| Assignment |
Set down the data below in full and exactly, minus the pictures.

| Data |
[Start of Attachment]
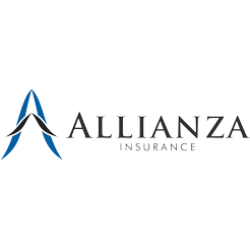 Allianza Insurance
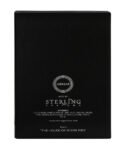 Armaf Club De Nuit Intense Pure Parfum For Man 150ml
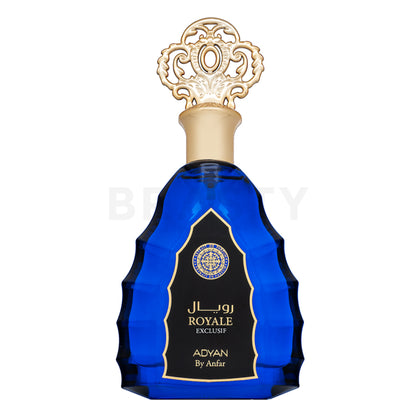 Adyan Royale Exclusif EDP U 100 ml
[End of Attachment]
| Result of the task |
 Allianza Insurance
 Armaf Club De Nuit Intense Pure Parfum For Man 150ml
 Adyan Royale Exclusif EDP U 100 ml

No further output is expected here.